- [TASK GOAL] Below are records to print word for word; include none of their pictures.

- [DATA EXCERPTS]
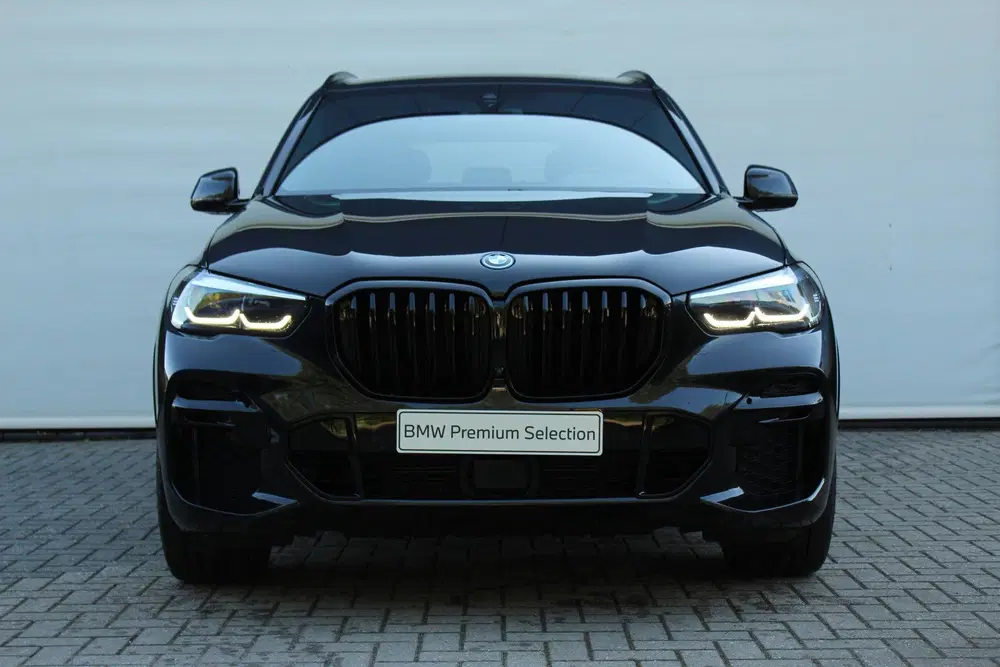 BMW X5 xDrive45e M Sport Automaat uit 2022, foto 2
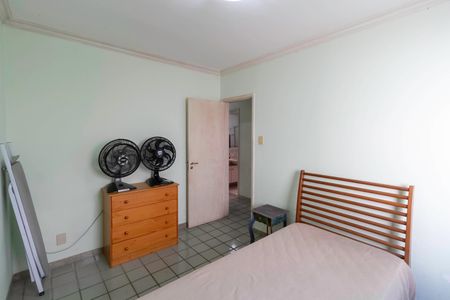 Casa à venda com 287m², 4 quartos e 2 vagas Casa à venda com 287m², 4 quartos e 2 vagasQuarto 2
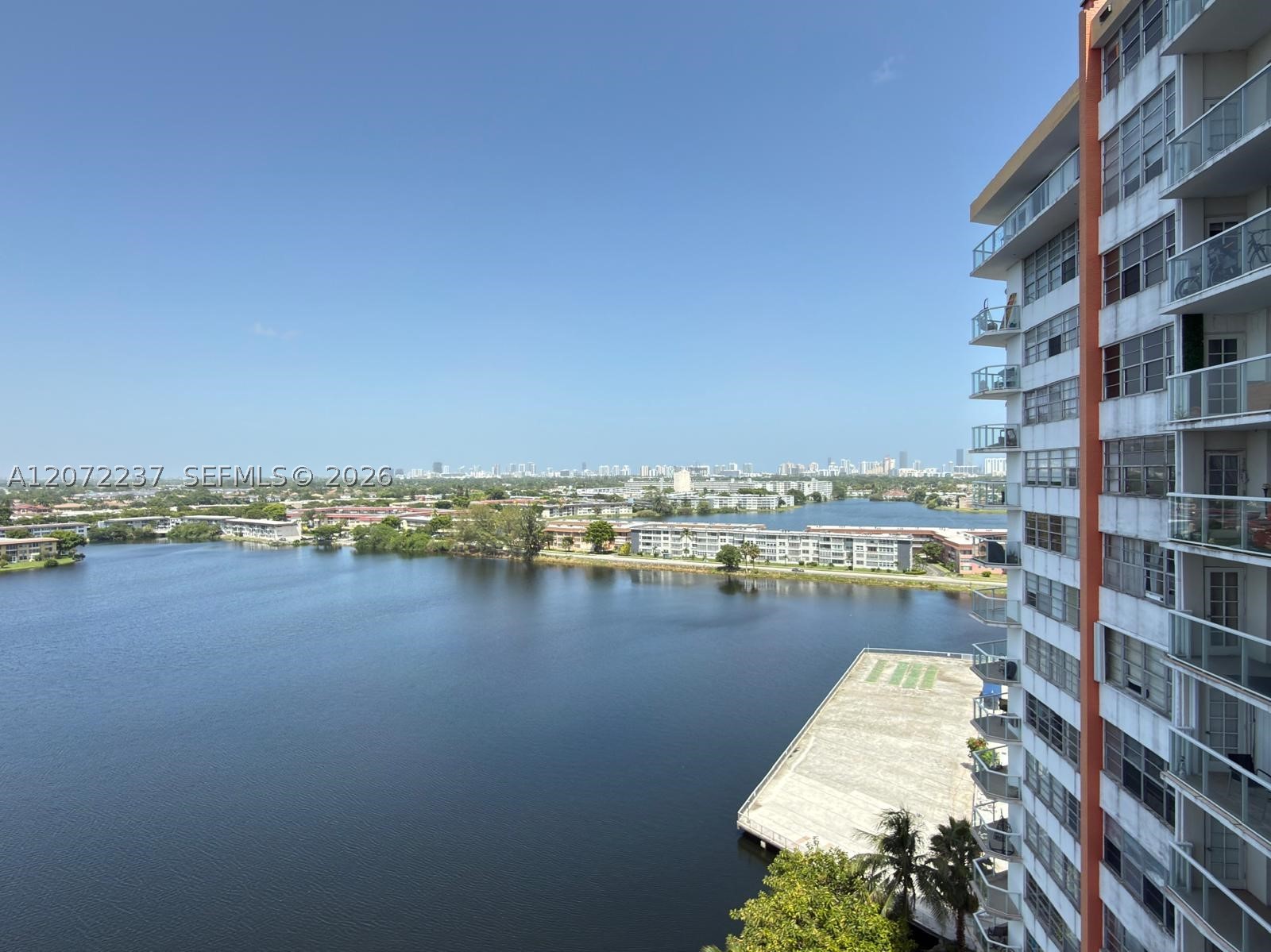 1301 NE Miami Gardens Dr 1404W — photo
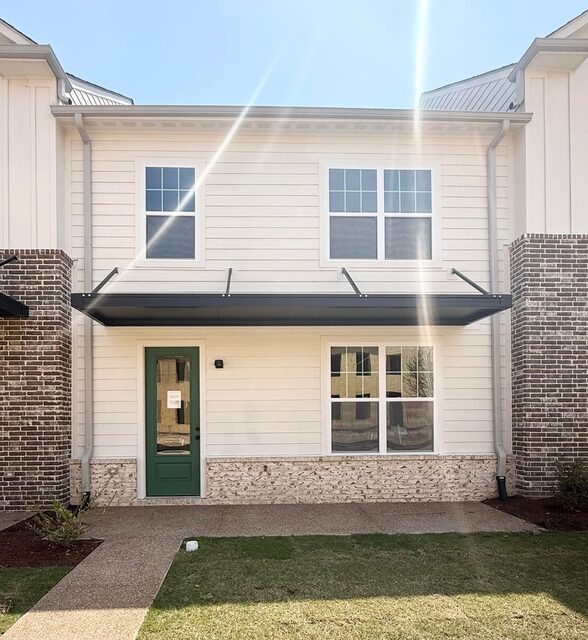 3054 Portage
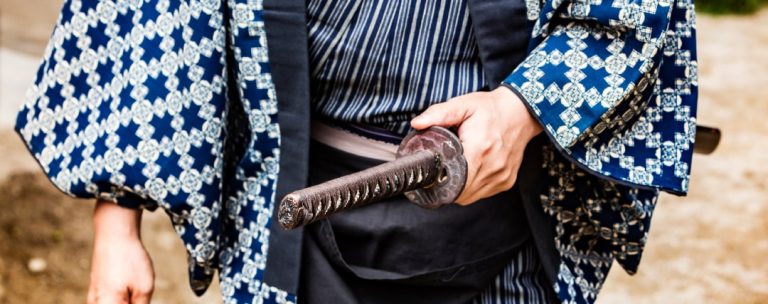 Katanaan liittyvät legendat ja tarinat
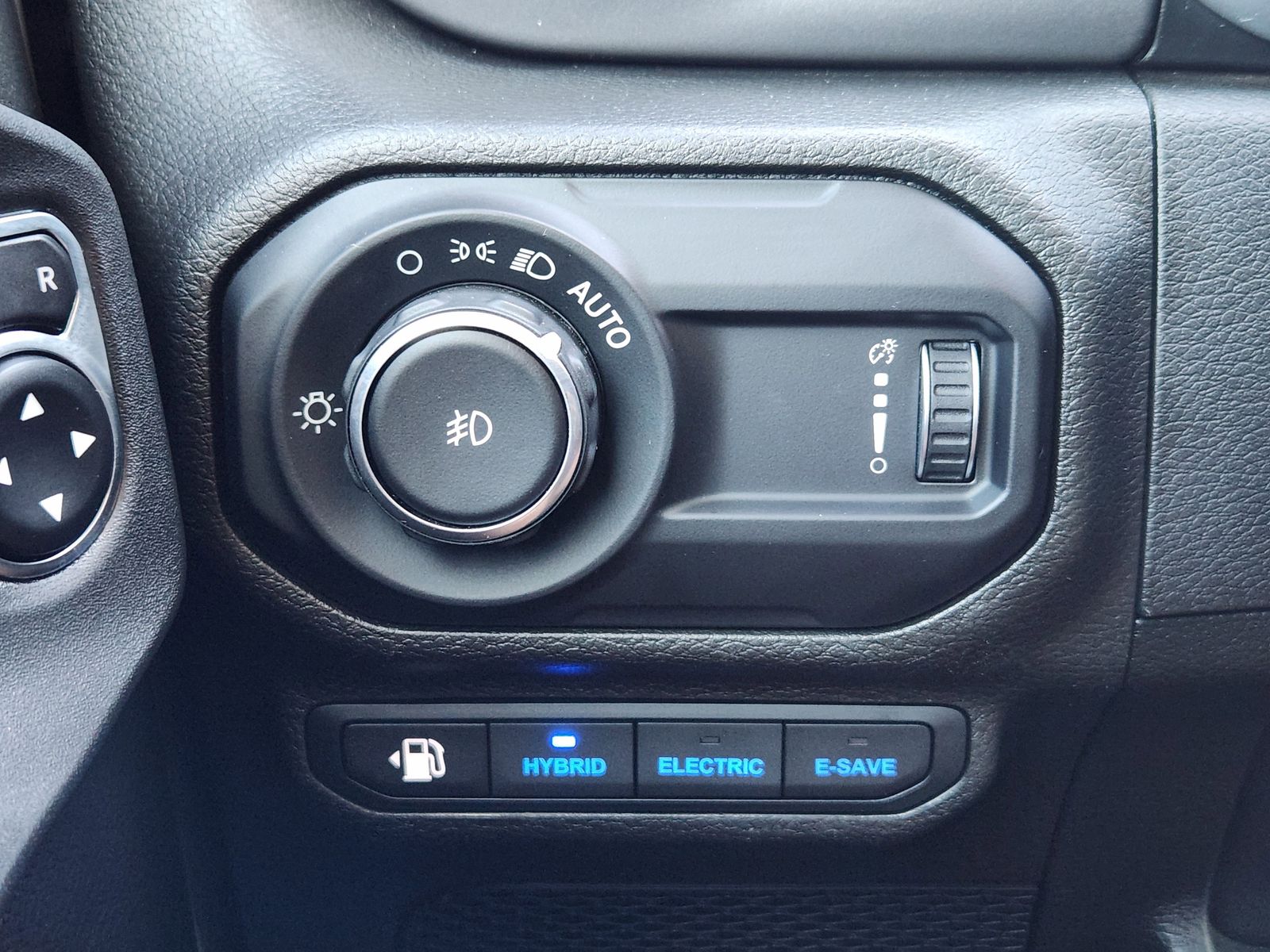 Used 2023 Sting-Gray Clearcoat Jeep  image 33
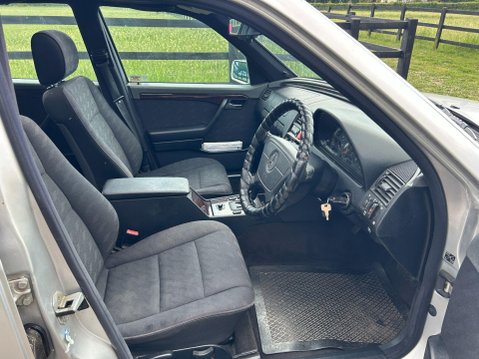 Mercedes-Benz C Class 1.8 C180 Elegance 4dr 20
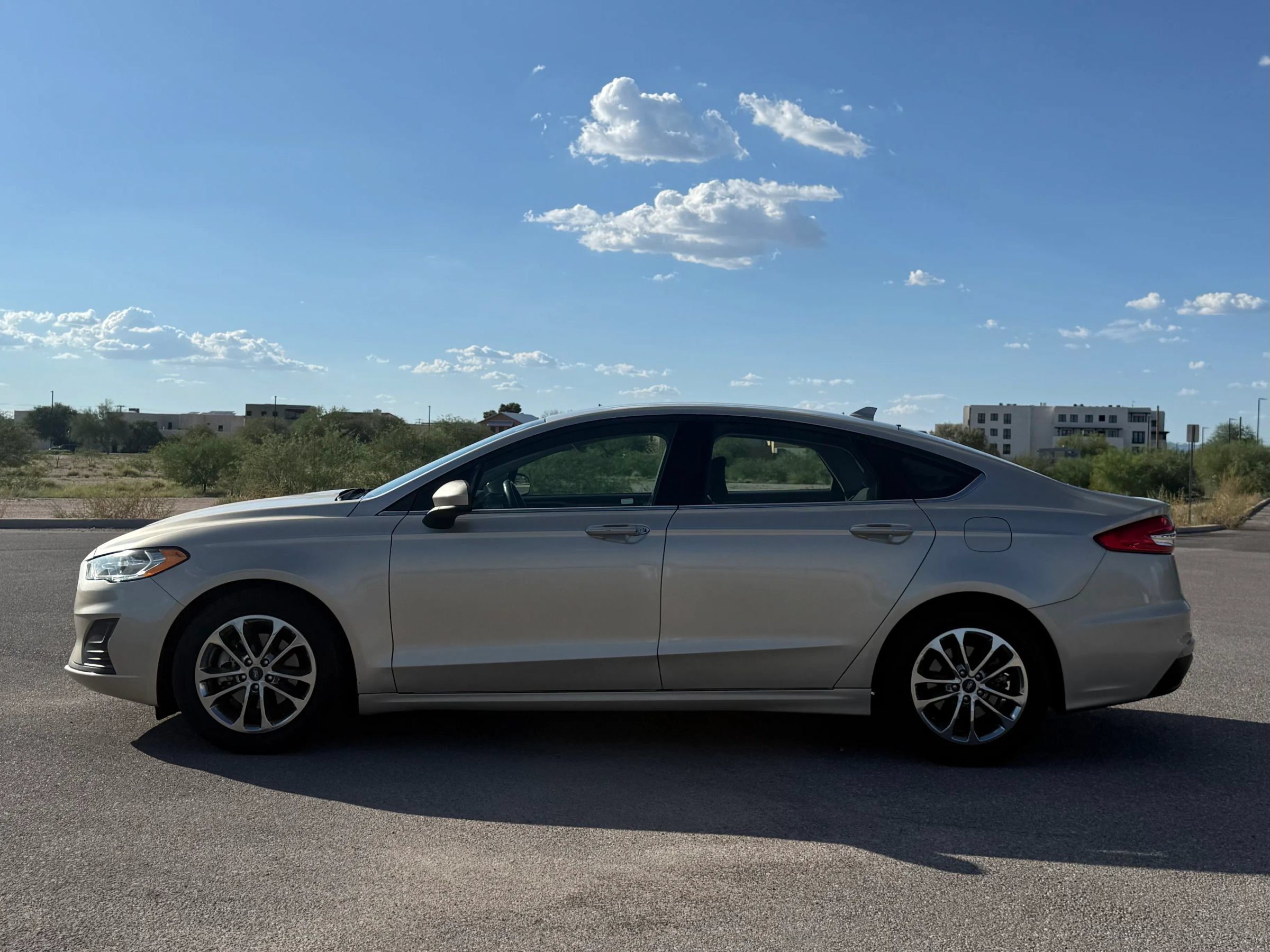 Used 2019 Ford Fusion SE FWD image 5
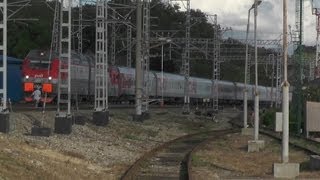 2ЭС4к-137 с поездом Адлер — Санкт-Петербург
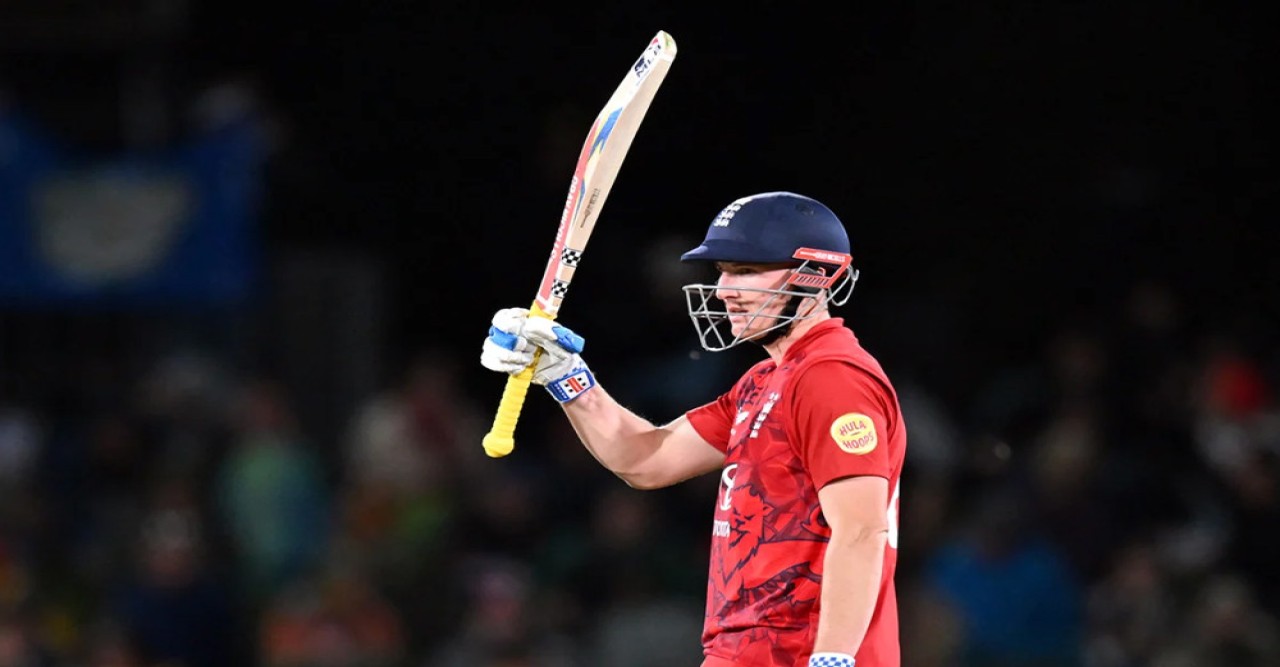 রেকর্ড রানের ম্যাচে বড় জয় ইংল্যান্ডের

- [RESULT]
 BMW X5 xDrive45e M Sport Automaat uit 2022, foto 2
 Casa à venda com 287m², 4 quartos e 2 vagas Casa à venda com 287m², 4 quartos e 2 vagasQuarto 2
 1301 NE Miami Gardens Dr 1404W — photo
 3054 Portage
 Katanaan liittyvät legendat ja tarinat
 Used 2023 Sting-Gray Clearcoat Jeep  image 33
 Mercedes-Benz C Class 1.8 C180 Elegance 4dr 20
 Used 2019 Ford Fusion SE FWD image 5
 2ЭС4к-137 с поездом Адлер — Санкт-Петербург
 রেকর্ড রানের ম্যাচে বড় জয় ইংল্যান্ডের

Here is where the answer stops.